André
André

Reputation: 2142

Different UTF-8-Handling of Ext.JSON.encode() and Chrome's JSON.stringify()

I found a difference between Ext JS's (Version 4.1) Ext.JSON.encode() and Chrome's (Version 21.0.1180.79) JSON.stringify() when used in Chrome's console:

JSON.stringify({"title": "ä"})
> "{"title":"ä"}"

Ext.JSON.encode({"title": "ä"})
> "{"title":"\u00e4"}"

Since I want to show the results in the browser, I prefer Chrome's result, but I know that I cannot really rely on Chrome's JSON handling in other browsers.
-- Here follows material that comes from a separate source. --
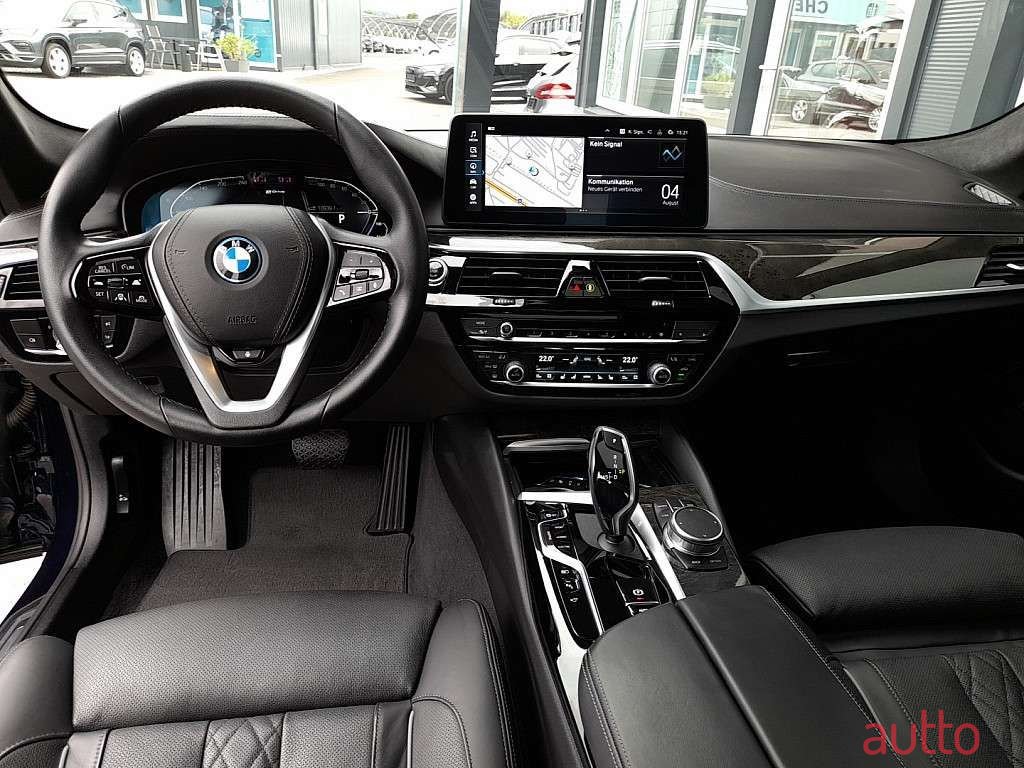 2022' BMW 5Er-Reihe photo #2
So how can I achieve Chrome's result with Sencha's Ext JS?

Upvotes: 3

Views: 5020

Answers (2)

Dionysius
Dionysius

Reputation: 498

You need to know that the value is the same. \u00e4 is the real utf-8 representation of the character ä. Chrome may output the ä decoded for better user expirience, but when decoding, both values are same:

JSON.stringify({"title": "ä"})
> "{"title":"ä"}"
Ext.JSON.encode({"title": "ä"})
> "{"title":"\u00e4"}"
JSON.parse('{"title":"ä"}')
> Object {title: "ä"}
Ext.JSON.decode('{"title":"\u00e4"}')
> Object {title: "ä"}
JSON.parse('{"title":"\u00e4"}')
> Object {title: "ä"}
Ext.JSON.decode('{"title":"ä"}')
> Object {title: "ä"}

Upvotes: 1

ypan
ypan

Reputation: 173

You can set Ext.USE_NATIVE_JSON to true in Extjs 4.